Data section:
>>>

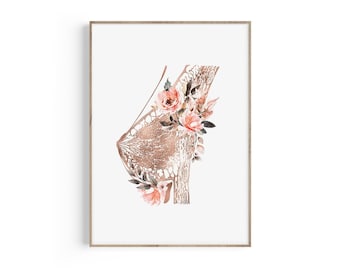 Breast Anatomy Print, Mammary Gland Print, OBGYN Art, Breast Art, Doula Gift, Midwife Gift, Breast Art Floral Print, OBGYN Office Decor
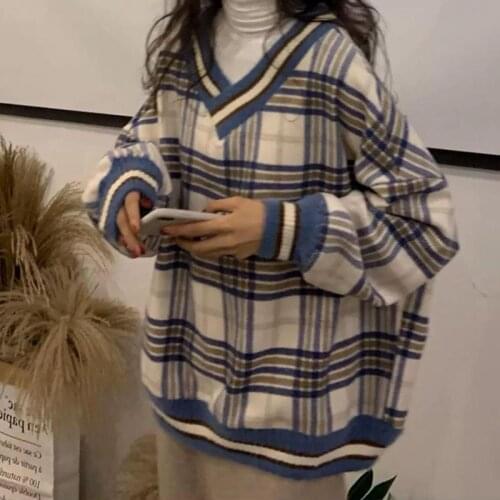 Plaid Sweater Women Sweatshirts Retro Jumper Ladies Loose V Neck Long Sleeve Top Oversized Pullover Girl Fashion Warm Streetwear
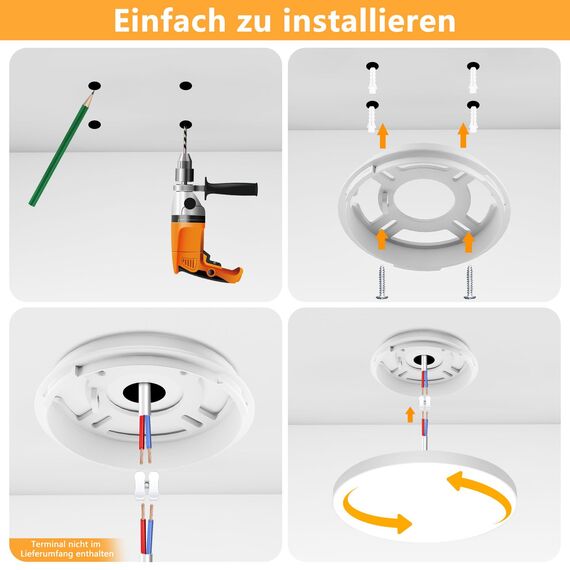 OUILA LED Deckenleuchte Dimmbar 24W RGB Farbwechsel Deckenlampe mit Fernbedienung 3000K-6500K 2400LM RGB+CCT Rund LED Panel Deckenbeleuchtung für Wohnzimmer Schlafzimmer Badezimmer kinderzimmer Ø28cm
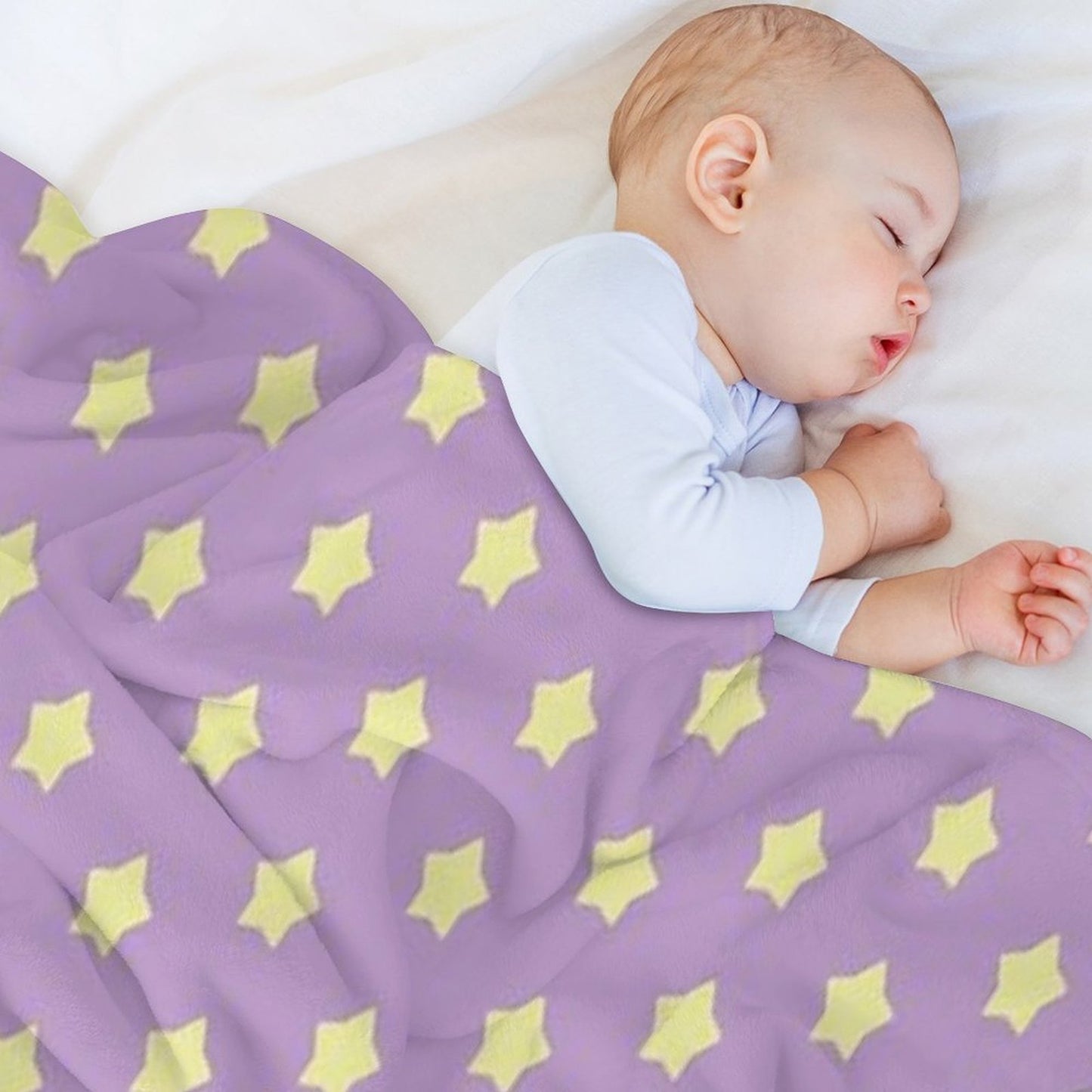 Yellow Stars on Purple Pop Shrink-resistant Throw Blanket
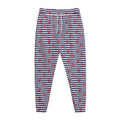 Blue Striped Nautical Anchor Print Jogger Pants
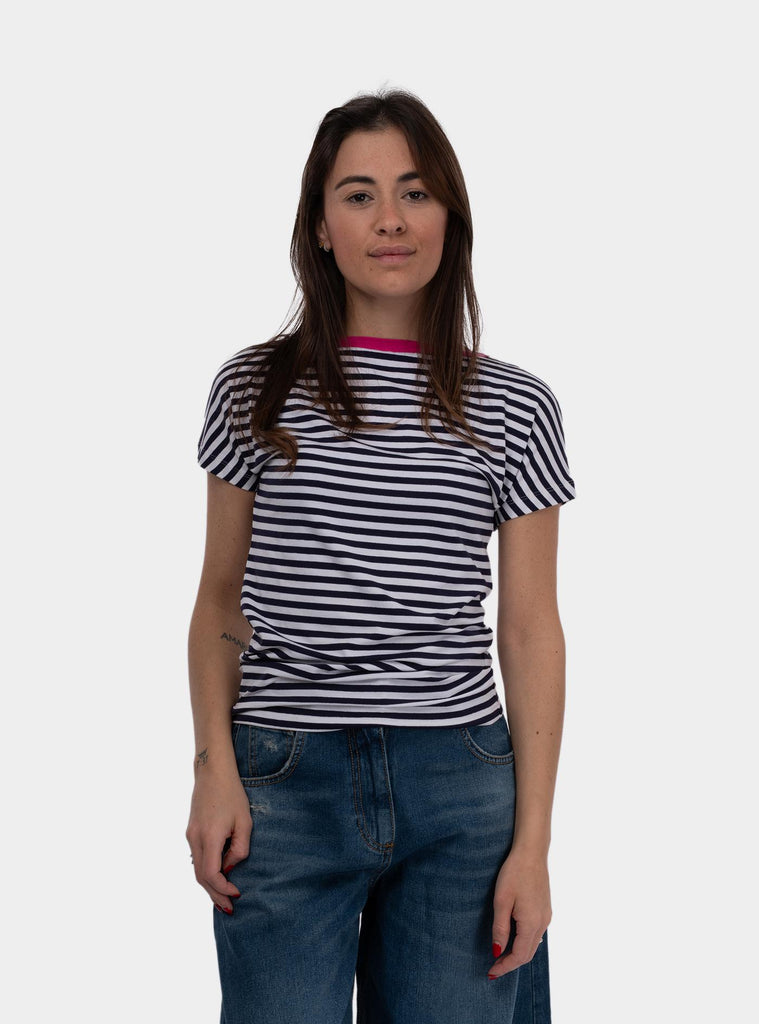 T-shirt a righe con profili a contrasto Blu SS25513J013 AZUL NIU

<<<
>>>

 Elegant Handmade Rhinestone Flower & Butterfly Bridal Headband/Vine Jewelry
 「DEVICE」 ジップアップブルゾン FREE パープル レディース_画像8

<<<
>>>

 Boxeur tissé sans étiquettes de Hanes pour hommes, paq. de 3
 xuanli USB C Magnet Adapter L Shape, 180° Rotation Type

<<<

What the exercise asks: Give back exactly the lines above that run from the one with "Plaid Sweater Women" to the one with "T-shirt a righe", including both, with the pictures left out.

Completed exercise:
 Plaid Sweater Women Sweatshirts Retro Jumper Ladies Loose V Neck Long Sleeve Top Oversized Pullover Girl Fashion Warm Streetwear
 OUILA LED Deckenleuchte Dimmbar 24W RGB Farbwechsel Deckenlampe mit Fernbedienung 3000K-6500K 2400LM RGB+CCT Rund LED Panel Deckenbeleuchtung für Wohnzimmer Schlafzimmer Badezimmer kinderzimmer Ø28cm
 Yellow Stars on Purple Pop Shrink-resistant Throw Blanket
 Blue Striped Nautical Anchor Print Jogger Pants
 T-shirt a righe con profili a contrasto Blu SS25513J013 AZUL NIU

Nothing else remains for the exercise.